Image below and text below from the excellent website of Micheal Backman.


I am as always sincerely grateful to Michael Backman for allowing me to use his photographs and to quote from his website.





"The pair has as its provenance, the Duke of Portland. The pair is listed in the 1935 inventory of the then Duke’s collection of silver housed at Welbeck Abbey, the Duke’s country seat. (see Jones, 1935, p. 8). They are listed as: ‘A pair of filigree bottles with globular bodies. Height, 8 3/4 in. Maltese (?), early 19th century’. The dating and origins were a likely best guess.

 

It is not clear how this pair entered the collection. However, Jones’ introduction to the inventory mentions that the family’s collection of silver is the result of several family inheritances, including a quantity of silver items brought to England by Hans William Bentinck, a Dutch and English nobleman who became the first Duke of Portland. Bentinck lived in England and Holland variously in the late 17th century and in 1690 was sent by William III to The Hague on a diplomatic mission. 

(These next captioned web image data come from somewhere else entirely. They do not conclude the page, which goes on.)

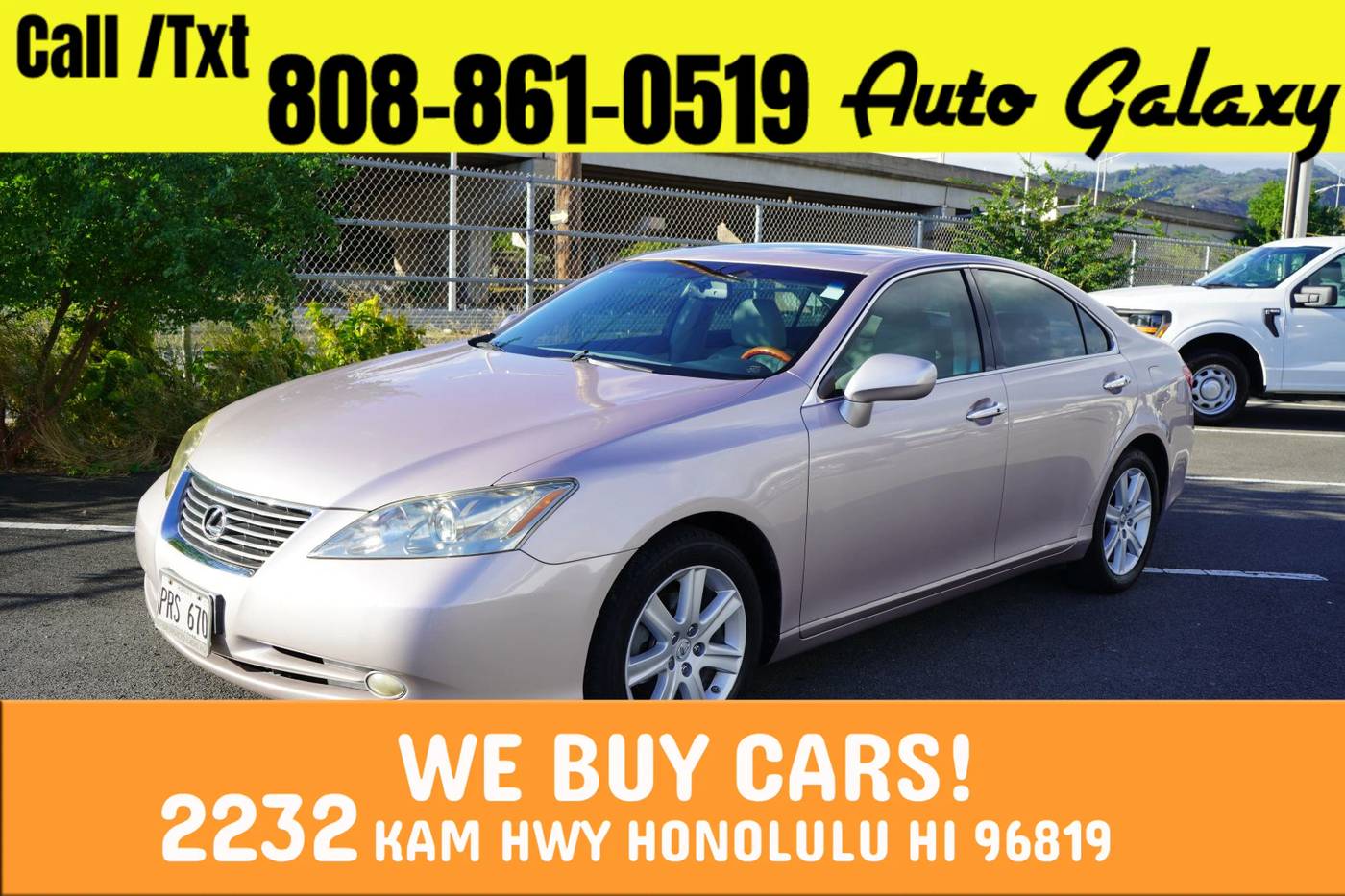 2008 Lexus ES ES 350 — Sedan — 51,367 mi — Honolulu, HI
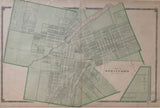 (ONTARIO). (PERTH COUNTY). Antique Map of the Town of Stratford 1879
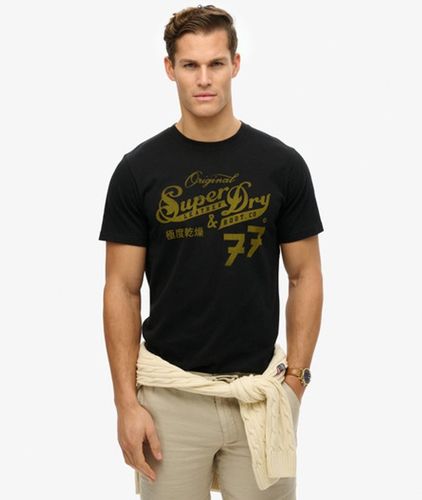 Men's Leather & Boot Co Script T-shirt - Größe: M - Superdry - Modalova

It is doubtful that the sprinklers are as early as this but the family’s early origins in and connections with underscore the possibility that the sprinklers are the product of United East India Company or Vereenigde Oost-Indische Compagnie (VOC) related workmanship in Batavia (or possibly China) and were exported to Holland from where they were acquired by the family and brought to England"








Singapore Museums.


see my post


for further examples of Chinese Filigree Rosewater Sprinklers at Powis Castle.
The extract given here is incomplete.